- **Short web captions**

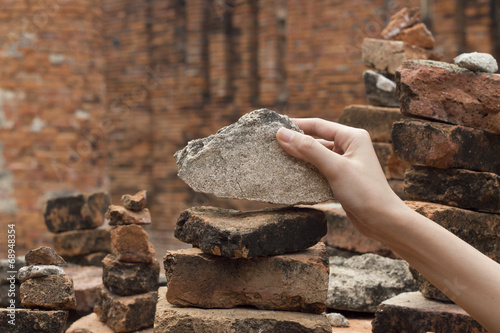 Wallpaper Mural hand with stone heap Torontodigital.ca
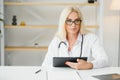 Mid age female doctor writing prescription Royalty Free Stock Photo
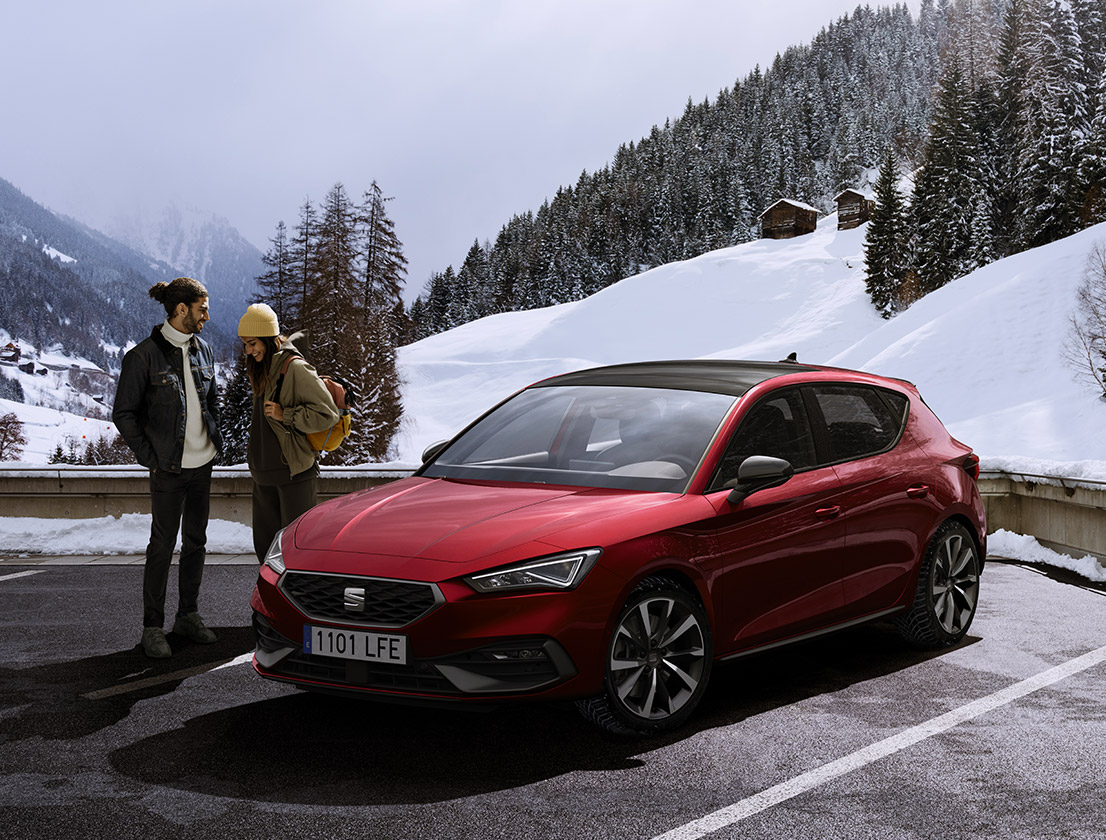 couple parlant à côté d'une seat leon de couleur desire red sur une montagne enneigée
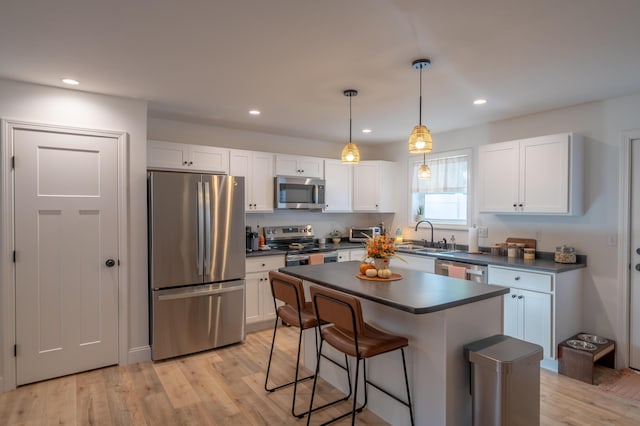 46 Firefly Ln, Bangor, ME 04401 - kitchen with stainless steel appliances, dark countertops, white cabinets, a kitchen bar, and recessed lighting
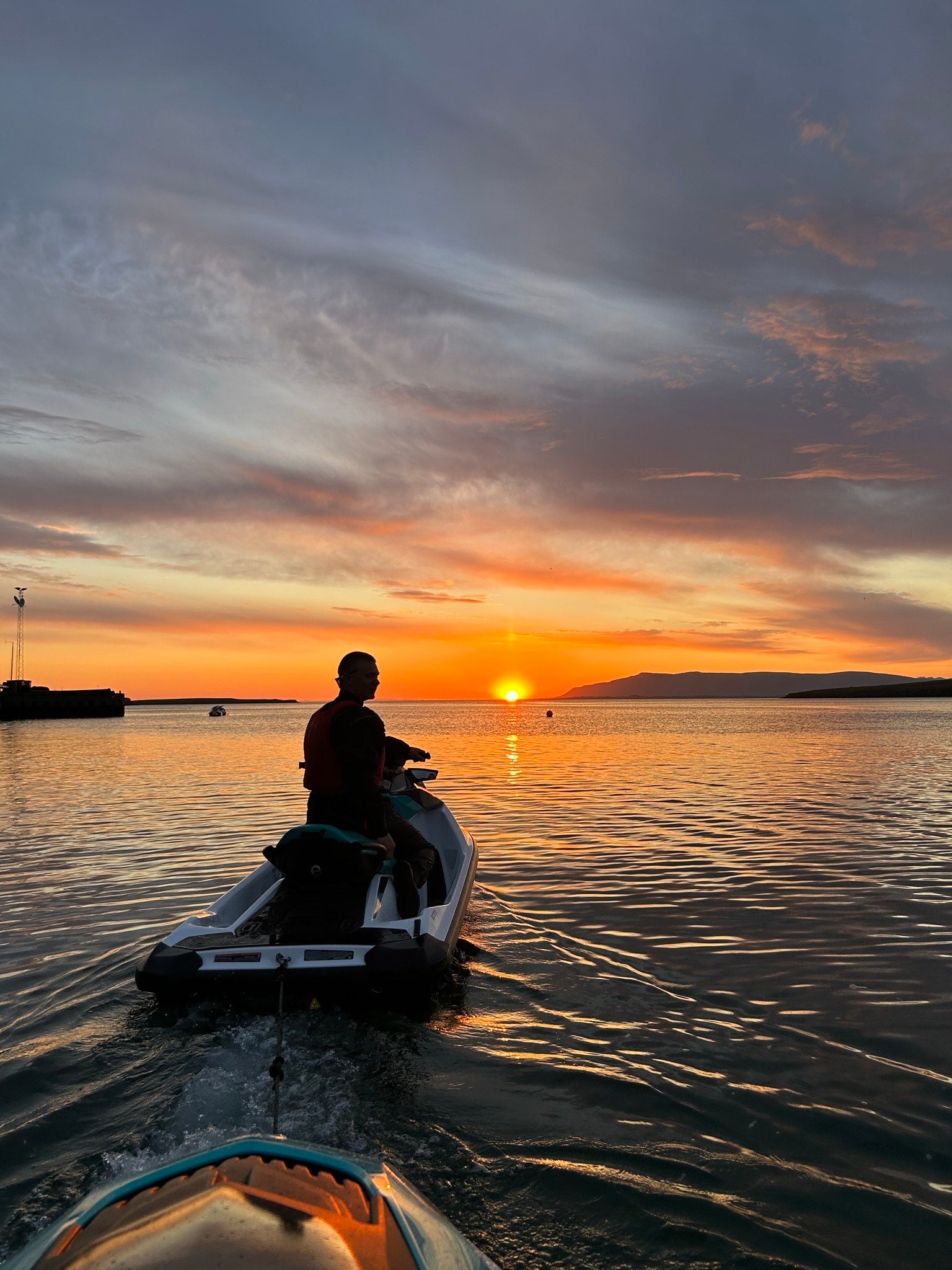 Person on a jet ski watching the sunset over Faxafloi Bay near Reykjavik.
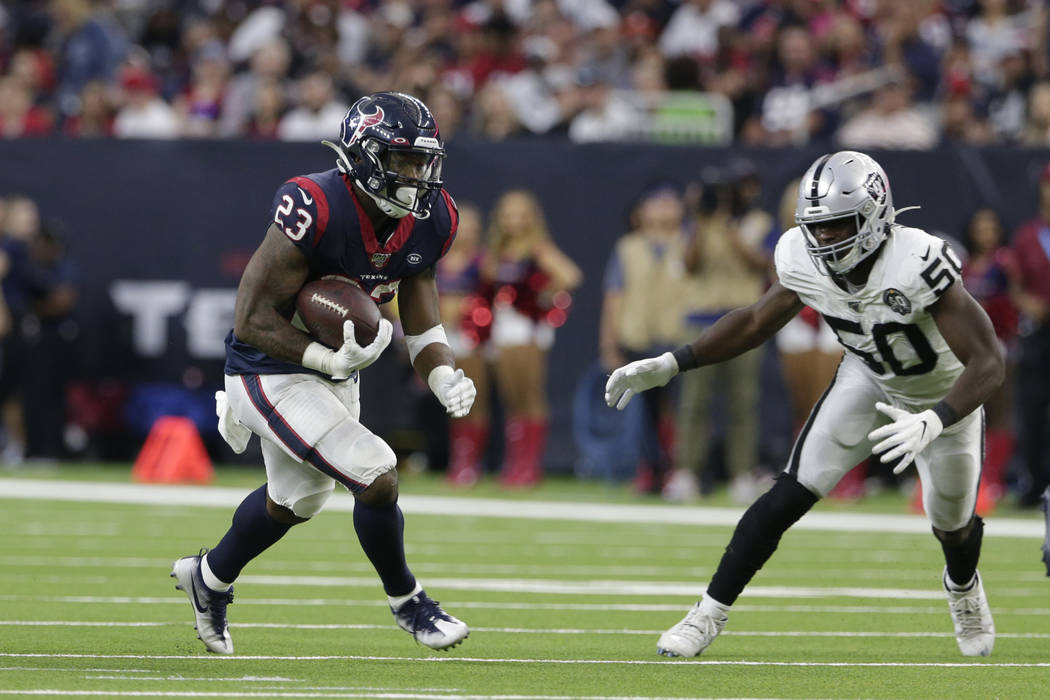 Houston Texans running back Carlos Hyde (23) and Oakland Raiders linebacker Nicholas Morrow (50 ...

- **TASK DESCRIPTION**
The copy should hold exactly the lines above from the one with "couple parlant à" through the one with "Person on a", both ends counted, and no pictures at all.

- **THE COMPLETED TASK**
 couple parlant à côté d'une seat leon de couleur desire red sur une montagne enneigée
 46 Firefly Ln, Bangor, ME 04401 - kitchen with stainless steel appliances, dark countertops, white cabinets, a kitchen bar, and recessed lighting
 Person on a jet ski watching the sunset over Faxafloi Bay near Reykjavik.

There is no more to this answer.